With paragraphs
I split up with Ex-H 7 years ago (today, to be precise!!). When I first left him, we had an agreement that he would have our 2 DDs (then 2 and 3) on Wednesday nights, Friday nights and Sunday nights. This has always been the arrangement, except for taking DDs on holiday.
Communication between myself and ex has been pretty much impossible since I left him, due to the fact that that he cannot help being abusive, and we have never been able to discuss and resolve anything.
His mum has been quite reasonable, so when things came to a head 18 months ago. Just a couple of examples:- he came to our house one night, threatening DH with a golf club, as someone had thrown something at his door, and he assumed it was DH- totally unfounded. DH decided to report it to the police a day later. Ex retaliated and decided to write a 5 page essay to SS, saying we neglected DDs and that I was mentally unstable (because I suffered from anorexia in my teens).
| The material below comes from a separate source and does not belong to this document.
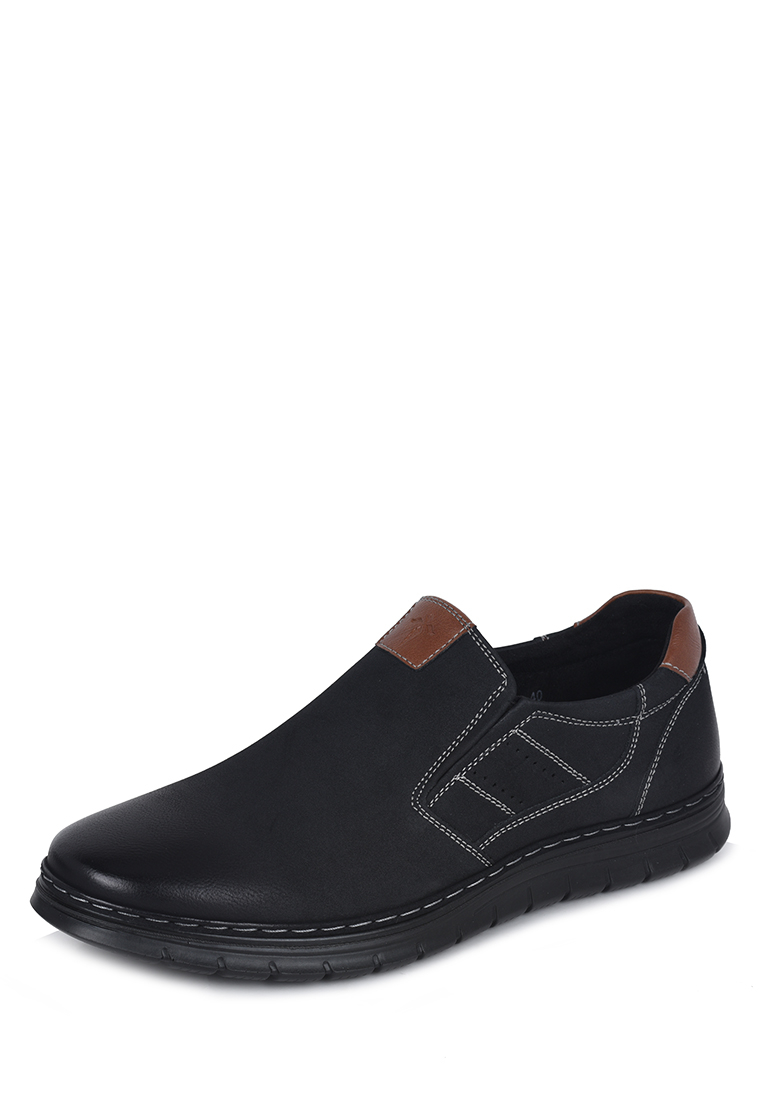 

Туфли мужские T.Taccardi SN21SS-07A черные 44 RU, Черный, SN21SS-07A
It was very upsetting having to go for a meeting with SS, but the SW basically laughed at the nonsense ex had written. Then the icing on the cake, ex turned up to pick DDs up on the friday night as usual. DH walked DDs out of the house, so I didn't have to see him. Ex started shouted abuse about me, and DDs got very upset as they were getting into his car. I could hear them crying from inside the house, so I went up to his car to console them, half sat on the back seat of his car to give them a cuddle, and he decided to drive off, knowing that I was half in the car. He was driving quite slowly, but I couldn't get in or out. I fell out, and he drove over my foot.
After this, there was no way that he could come near the house (he was arrested, but released without charge), so ex-MIL said that she would act as an intermediary. This has worked fine, she has managed to stay fairly neutral, and it helps that arrangements for things other that the norm can be sorted out.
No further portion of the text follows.